Viola Amherd (PDC/VS) a elle aussi fustigé les zig-zags du PVL. Le PDC s'est battu pour l'imposition des bonus, car le contre-projet indirect ne renforcera que les droits des actionnaires.
Pas une solution
La problématique des hauts salaires ne pourra être résolue par aucun des trois projets car c'est un problème international, a rétorqué Martin Bäumle (ZH), et il y aura toujours des moyens de contourner la réglementation. Le PVL a toujours été sceptique sur l'imposition des bonus car elle ne touche pas les managers. C'est juste un impôt de plus pour les entreprises, a dit le Zurichois.
Un avis partagé par le PLR, qui appuie le contre-projet indirect adopté par le Parlement, car il est supportable pour l'économie et il reprend 80% des revendications de l'initiative, a expliqué la cheffe du groupe Gabi Huber (UR). Selon les libéraux-radicaux, l'initiative n'a donc plus lieu d'être et l'imposition des bonus n'est qu'une «recette absolument populiste» qui impose les entreprises sans résoudre le problème.
L'UDC était sur la même longueur d'onde. Selon Adrian Amstutz (UDC/BE), l'initiative a poussé le Parlement à accepter un bon contre-projet indirect. Le rejet de l'imposition des bonus devrait pousser l'initiant à retirer son texte et permettre à la révision de loi adoptée d'entrer en vigueur.
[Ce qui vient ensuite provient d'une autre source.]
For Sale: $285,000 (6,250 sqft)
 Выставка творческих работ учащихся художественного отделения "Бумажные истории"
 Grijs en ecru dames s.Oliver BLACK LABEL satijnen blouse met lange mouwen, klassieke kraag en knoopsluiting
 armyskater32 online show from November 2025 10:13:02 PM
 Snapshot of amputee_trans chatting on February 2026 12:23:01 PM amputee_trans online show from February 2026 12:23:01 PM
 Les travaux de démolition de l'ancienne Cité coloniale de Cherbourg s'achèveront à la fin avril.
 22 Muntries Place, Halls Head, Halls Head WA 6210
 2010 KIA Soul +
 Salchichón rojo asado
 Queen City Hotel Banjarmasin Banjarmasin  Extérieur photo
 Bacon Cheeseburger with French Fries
Avant le National, le Conseil des Etats avait accepté l'imposition des bonus en votation finale, par 26 voix contre 14. Mais le rejet d'une des deux Chambres suffit à couler le projet.
Imposition des bonus
Ce texte prévoyait que les sociétés ne puissent plus considérer les parts de rémunération dépassant 3 millions par personne et par exercice comme charges justifiées par l'usage commercial. L'excédent aurait dès lors été imposé. Le peuple aurait dû choisir entre cette solution et l'initiative de Thomas Minder contre les salaires abusifs.
L'initiative mise essentiellement sur un renforcement du droit des actionnaires. Le Parlement a adopté, comme contre-projet indirect, une révision de loi reprenant, mais de manière plus souple, les principales revendications de l'entrepreneur schaffhousois.
Pas de retrait en vue
Ainsi, alors que l'initiative exige l'interdiction absolue de parachutes dorés et d'indemnités anticipées, la révision de loi laisse la porte ouverte à des exceptions. Elle ne pourra s'appliquer que si l'initiative est retirée ou rejetée et si aucun référendum n'est ensuite lancé contre la loi.
Ce n'est pour l'heure pas dans cette direction que l'on va. Rien ne laisse pour le moment présager d'un retrait de l'initiative, a dit à l'ats Claudio Kuster, secrétaire du comité d'initiative. Ce comité emmené par le conseiller aux Etats indépendant décideront de l'avenir de leur texte la semaine prochaine, a-t-il précisé.
Le comité conteste en outre les affirmations selon lesquelles le contre-projet indirect satisfait l'essentiel des points de l'initiative. Dans sa révision du droit des actionnaires, le Parlement n'a repris que cinq des 24 points du texte de Thomas Minder, a précisé M.Kuster. D'autres sont certes aussi pris en compte, mais pas dans le sens des initiants, même si toutes les portes ne sont pas fermées.